The experience as well as the expertise of the cytopathologist is critical in avoiding pitfalls. Determining the adequacy of an aspirate, cellular atypia, application and interpretation of immunostains, and differentiation of lymphocytic thyroiditis from lymphoma are but a few of these problems. Larger nodules are more likely to yield false‑negative results. To improve sampling, aspirates should be obtained from multiple sites of the nodule rather than repeatedly from one spot. The absence of malignant cells in an otherwise acellular specimen does not exclude malignancy. It is good practice to biopsy all accessible nodules in a multinodular gland.

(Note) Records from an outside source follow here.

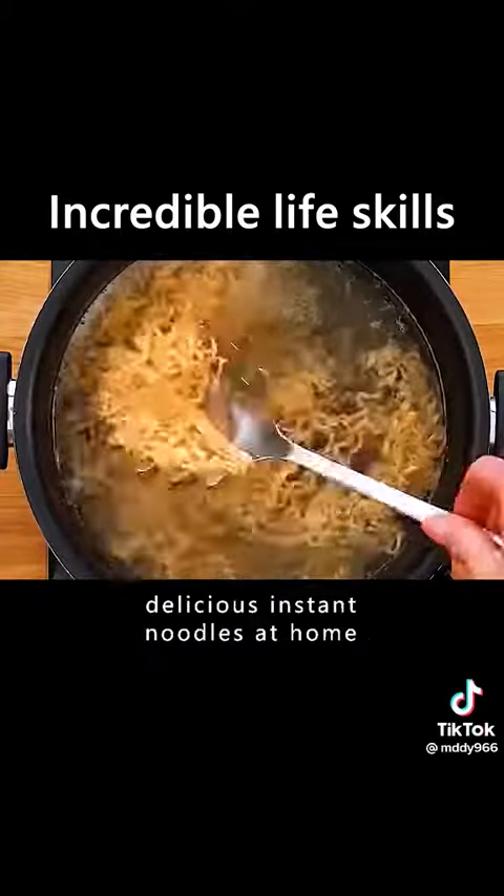Make a cross on the tomato and put it in the microwave for 5 minutes. It's easy to peel off the tomato skin this way.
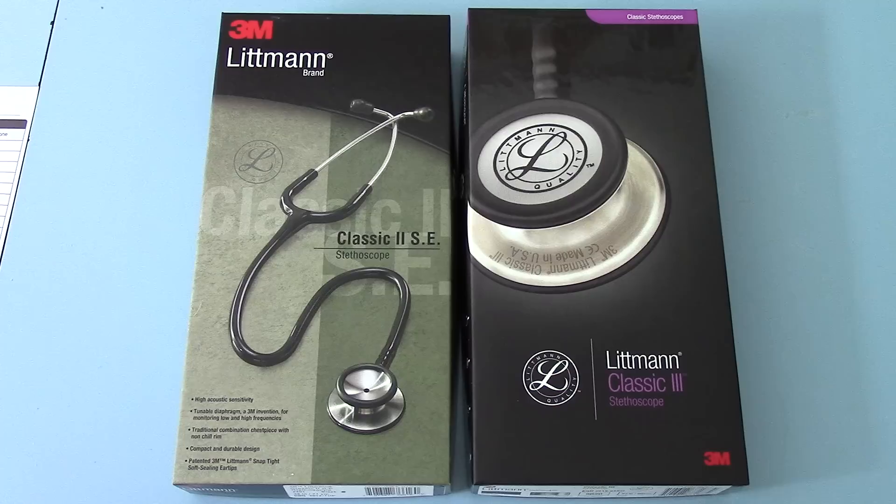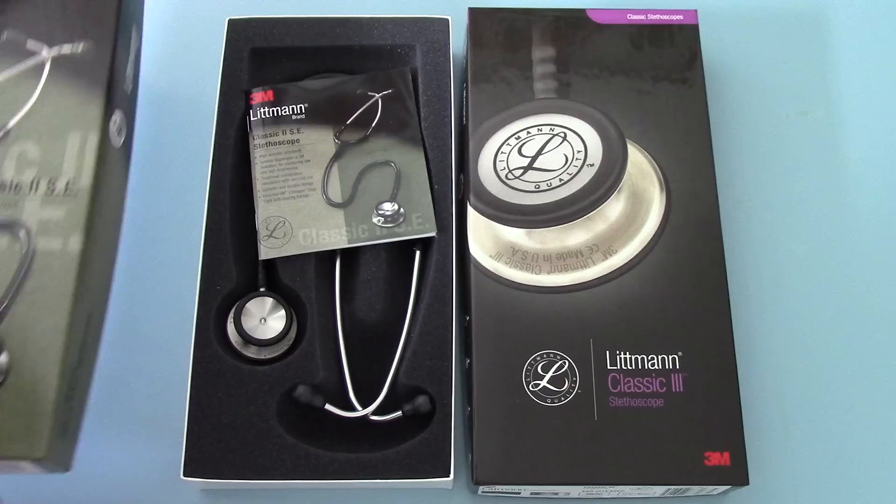Welcome to this product demonstration video. What we've got in front of you here is the Lippmann Classic II SE, which for many years has been the benchmark stethoscope for doctors, and on the right we have the new Lippmann Classic III stethoscope. We're often asked what is the difference between these two models, so we're going to run through some basic changes and show you the difference between a Classic II SE and the new Classic III.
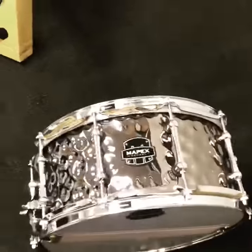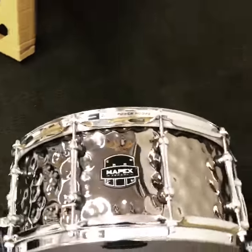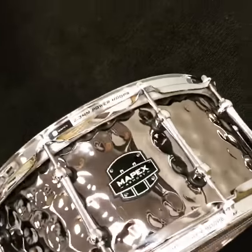Sounds freaking fantastic. Built to last, this thing is tough — 45 degree edges. This one is $189 right now in store or drumflip.com.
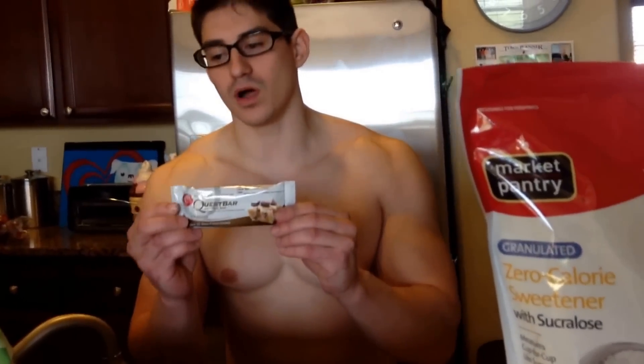Anyway, carbs in Quest Bars — a lot of people are confused and don't know if they should count them. For example, this one is 17 grams of fiber, 1 gram of erythritol, and 1 gram of sugar. It's 21 grams of carbs total. To be safe, I just count it as 21 grams of carbs. That's what 3DMJ recommends. We don't say we're not going to count the fiber or erythritol because they have less calories — we just count it as 21 grams of carbs. And if you've heard about the lawsuit or whatever, I just count it as whatever carbs it says.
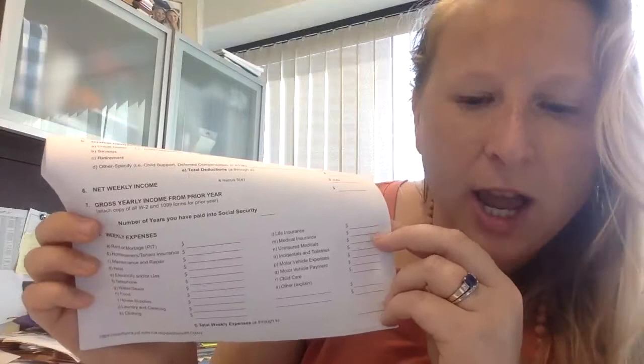Life insurance: this is for private life insurance — if you pay into something like Northwestern Mutual for a private policy, put that here. Medical insurance on this side of the form — the weekly expenses side — is separate if it's not coming out of your paycheck. You don't ever want to double dip. Uninsured medicals are what you pay out of pocket: co-pays when you see a doctor, prescriptions. Include it for both you and the children so the judge knows how much things cost. EpiPens and medications can be expensive out of pocket, and we want to know how much that is.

Indications for rebiopsy include an enlarging nodule, recurrent cyst after aspiration, initial nondiagnostic FNA, and persistent nodule after suppressive T4 therapy. In general, routine rebiopsy of cytologically benign nodules is not suggested. However, for those who begin FNA biopsy in their practice, rebiopsy in 6 to 12 minutes is helpful to provide data on biopsy results, to minimize false-negative rates, and to improve quality of care. In a recent report, Chehade et al. (55) showed that repeated biopsy can decrease the rate of false-negative FNA to < 1.3%. Thus, reaspiration biopsy may be a safeguard against a high rate of missed cancer (false-negative), which is a recognized limitation of FNA.